Records START
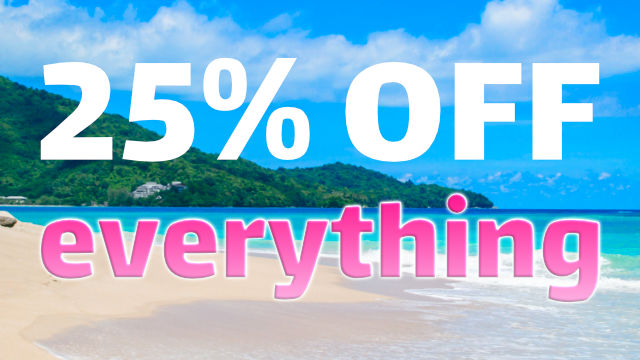 25% off everything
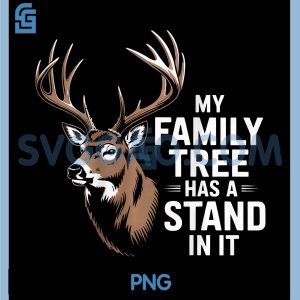 Fife Life My Family Tree Has A Stand In It PNG, Deer Hunting PNG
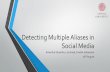 Detecting Multiple Aliases in Social Media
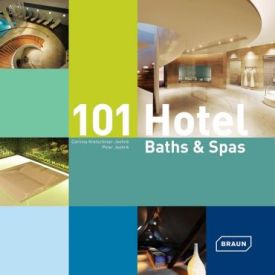 101 Hotel Baths & Spas (BRAUN)
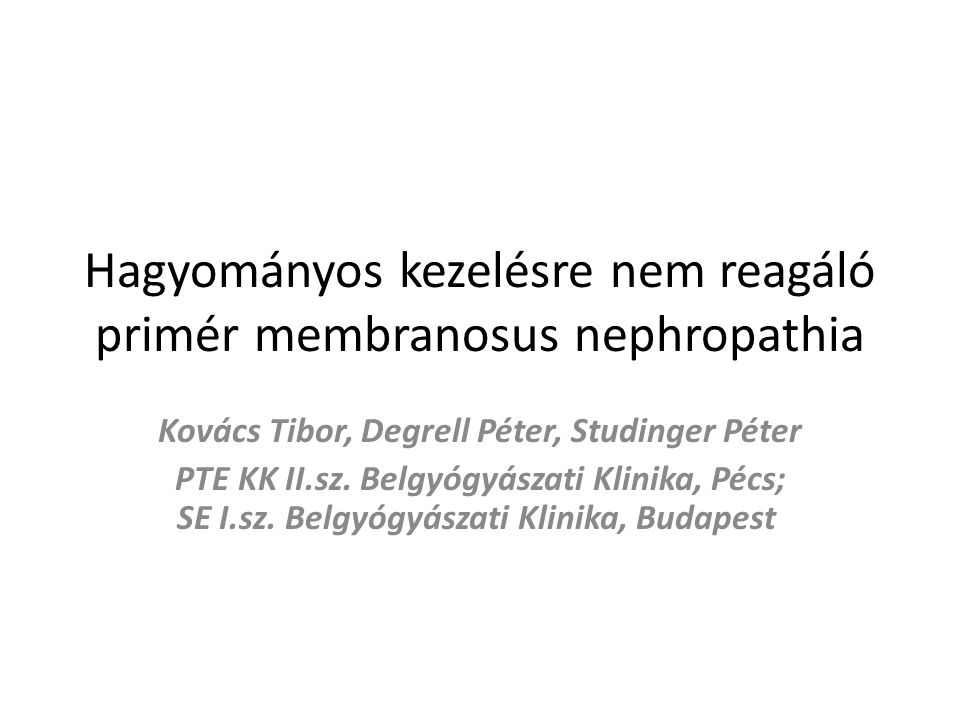Hagyományos kezelésre nem reagáló primér membranosus nephropathia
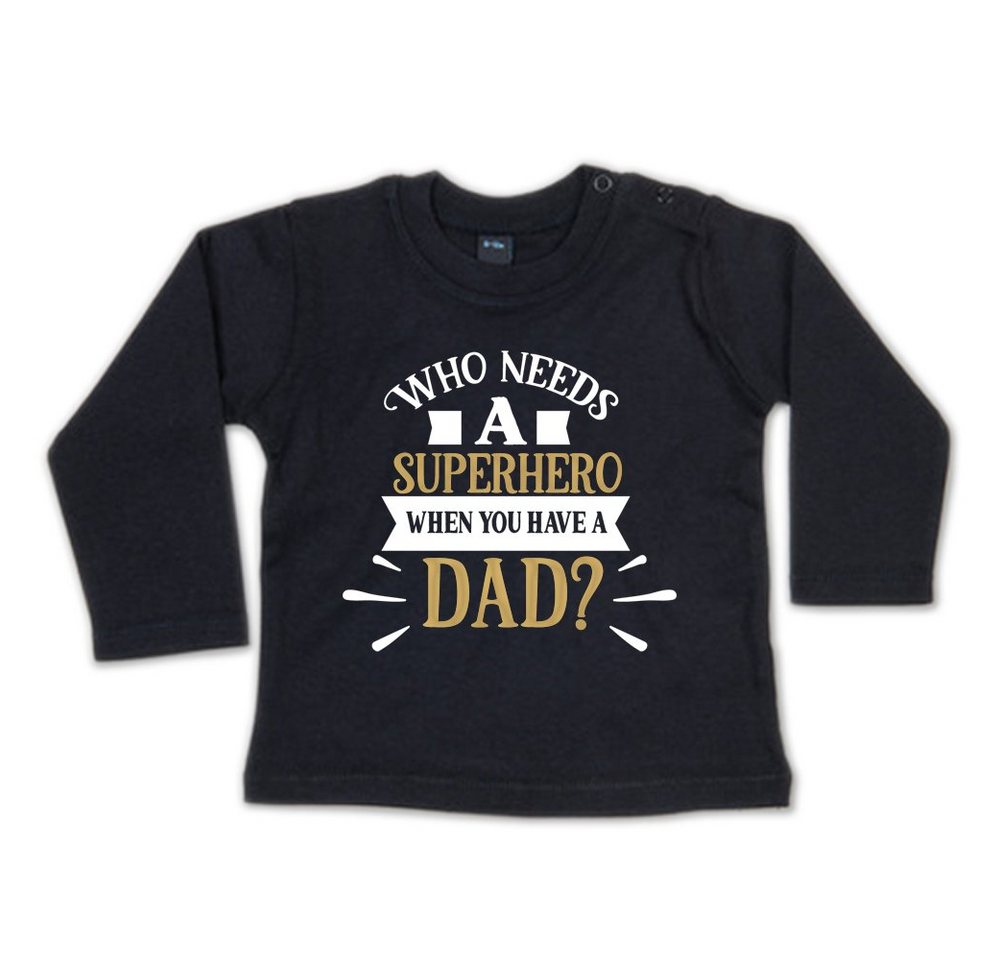 G-graphics Longsleeve Who needs a Superhero when you have a Dad? Baby Sweater / Longsleeve T, mit Spruch / Sprüche / Motiv / Print von G-graphics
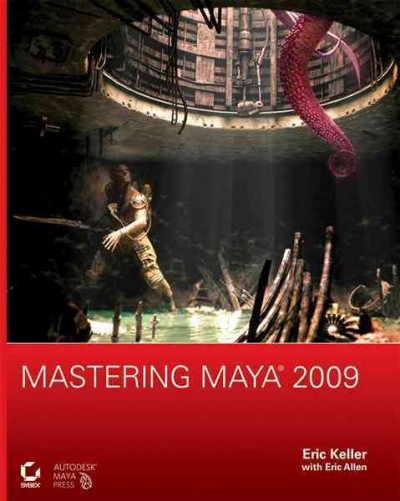 Mastering Maya 2009 / Eric Keller.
Records END
** Task prompt **
Your answer should consist solely of the lines from the one with "Hagyományos kezelésre nem" through the last line of the entries, restated word for word, with the pictures omitted.

** Response **
Hagyományos kezelésre nem reagáló primér membranosus nephropathia
 G-graphics Longsleeve Who needs a Superhero when you have a Dad? Baby Sweater / Longsleeve T, mit Spruch / Sprüche / Motiv / Print von G-graphics
 Mastering Maya 2009 / Eric Keller.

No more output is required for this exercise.